From voluntary to mandatory

For years, the environmental and origin data behind a garment — what it's made of, where it was made, its footprint — was something a business could ask for but rarely had to have. That is changing. A connected set of EU laws is moving this information from voluntary to mandatory, and textiles are in the first wave. The headline measures are the Digital Product Passport, mandatory Extended Producer Responsibility for textiles, a ban on destroying unsold stock, and tighter rules on environmental claims.

Start here

Does this apply to me?

This is the question most readers get wrong, so it is worth being precise.

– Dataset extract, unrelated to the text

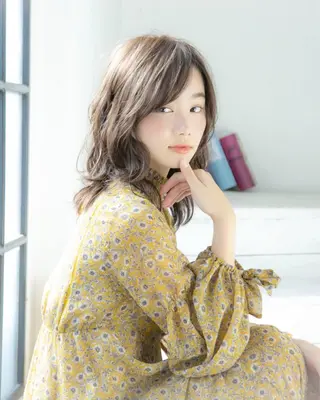 パーマ りな💗垢抜け前髪/ レイヤー💗縮毛矯正のヘアスタイル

Three distinctions matter.

Does the Digital Product Passport apply to hotels, restaurants and corporates?

Mostly not directly. Rules like the Digital Product Passport and textile EPR fall on the producer placing goods on the EU market — typically the manufacturer, importer or brand. For a uniform programme, that is usually your supplier, not your hotel or restaurant group.

So why should a buyer care?

Because you are exposed indirectly. You will need supplier data to satisfy your own sustainability reporting obligations, and your procurement due diligence increasingly has to account for what your suppliers do. You also carry reputational and contractual risk for your supply chain, even where the legal filing obligation sits with the producer. In practice, the obligation lands on the producer; the data dependency lands on you.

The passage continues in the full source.